▶ **Task goal**: Reproduce word for word the lines between those holding "Meritum Daň z" and "PALETTE ICC HAJFESTÉK 5-68 (R4) GESZTENYE PALETTE", inclusive, and nothing else from the data below.

▶ **Dataset content**:

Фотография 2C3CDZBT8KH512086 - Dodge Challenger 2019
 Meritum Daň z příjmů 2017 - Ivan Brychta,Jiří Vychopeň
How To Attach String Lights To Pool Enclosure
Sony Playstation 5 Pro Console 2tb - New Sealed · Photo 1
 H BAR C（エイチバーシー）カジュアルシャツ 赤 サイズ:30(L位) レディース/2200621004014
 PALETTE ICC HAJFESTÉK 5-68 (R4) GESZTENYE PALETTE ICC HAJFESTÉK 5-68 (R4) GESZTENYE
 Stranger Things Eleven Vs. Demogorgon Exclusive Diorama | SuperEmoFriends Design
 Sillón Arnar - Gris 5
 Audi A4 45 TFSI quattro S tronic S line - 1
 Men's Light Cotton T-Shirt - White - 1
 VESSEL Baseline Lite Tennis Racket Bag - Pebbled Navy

▶ **Exercise answer**:
 Meritum Daň z příjmů 2017 - Ivan Brychta,Jiří Vychopeň
How To Attach String Lights To Pool Enclosure
Sony Playstation 5 Pro Console 2tb - New Sealed · Photo 1
 H BAR C（エイチバーシー）カジュアルシャツ 赤 サイズ:30(L位) レディース/2200621004014
 PALETTE ICC HAJFESTÉK 5-68 (R4) GESZTENYE PALETTE ICC HAJFESTÉK 5-68 (R4) GESZTENYE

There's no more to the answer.